As I went round downstairs I noticed a couple of tour groups enter the museum, go straight upstairs and then leave. When I’d looked around the upper level, I stood at the top of the stairs trying to work out what they were looking at; the best pieces all seem to be at the ground level. Then I realises it must have been the mummies. I think I had my fill off these in S America, so they didn’t exactly grab me. I was taken by something I read: during mummification, organs and the brain are removed. (The brain was either taken ‘bit by bit’ via the nasal cavity or more directly by cutting open the skull). This little lot were then discarded as they are ‘not needed in the afterlife’. Who works this stuff out? You need your hair but not your liver, your fingernails, but not your brain. I think this may be how zombies were created.

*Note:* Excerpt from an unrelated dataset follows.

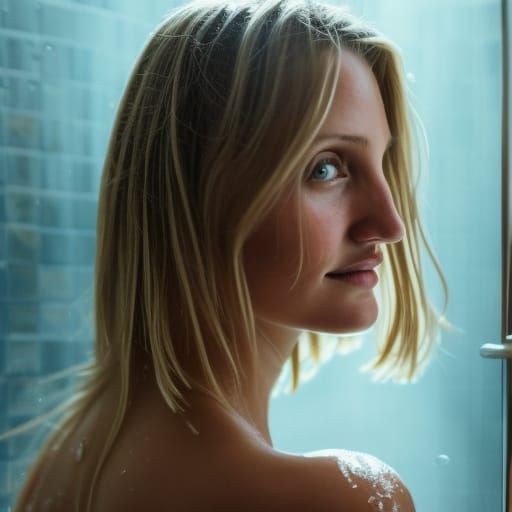 In the Shower - Cameron Diaz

In the museum and on the way to the Arabic Fort on the hill, I was pleased to see that both the EU and Japanese governments have been investing funds to help Syria with its cultural heritage. No sign of much coming form the US in the last 40 years. The need for this fort,



and indeed Palmyra’s wealth came from the city’s strategic position on the silk route.

So when was the last time that someone asked you ‘are you a boy or a girl?’ I’ll wager it’s been a while, if at all. Most likely it was never asked to you, but to your parents before you could even talk. Well a middle aged woman asked me today. I’d decided to walk to the fort and rather than take the rod, I opted for the direct approach (it’s a lot steeper than that photo makes it look). Even this wasn’t enough to put off the hawkers: when I was two thirds of the way up, one scrambled down the very steepest part to see me. I wished he hadn’t as every time I heard him slip, it sounded like it would send a rock down at my head. Still he was a good bit lighter than me and found it a lot easier to get back up. There was a lot of loose scree (I think that’s the word for dust, sand, pebbles and small rocks, which slip when you step on them) and I was nearly on all fours at the end. And that’s when the laughter and the magic question rang out. Bloody cheek-she’d come by car.

I took my usual approach to castle exploration-start off by going through the smallest doors into the darkest corridors. In a couple of minutes I was in a room with 3 small, quite brightly lit doorways. I strode across only to recoil as I discovered the doors were actually windows, providing the quick way back down to the bottom of the hill.

Well my legs wet after that, which meant spending the rest of my tour thinking the Arab castle was built to defend against a group of marauding vertigo sufferers. Low parapets looked over precipices and gaping opening fell into the unnecessary looking most way below.

It was quite a location. Sadly, although the wind was light today, the air was still dusty and sandy, so the views were limited,



but sufficient to imagine the spectacle on a clear day. This is a favourite spot for sunset, but that wasn’t going to work today, so I slid back down to town.

Tomorrow-Damascus, my last stop in Syria.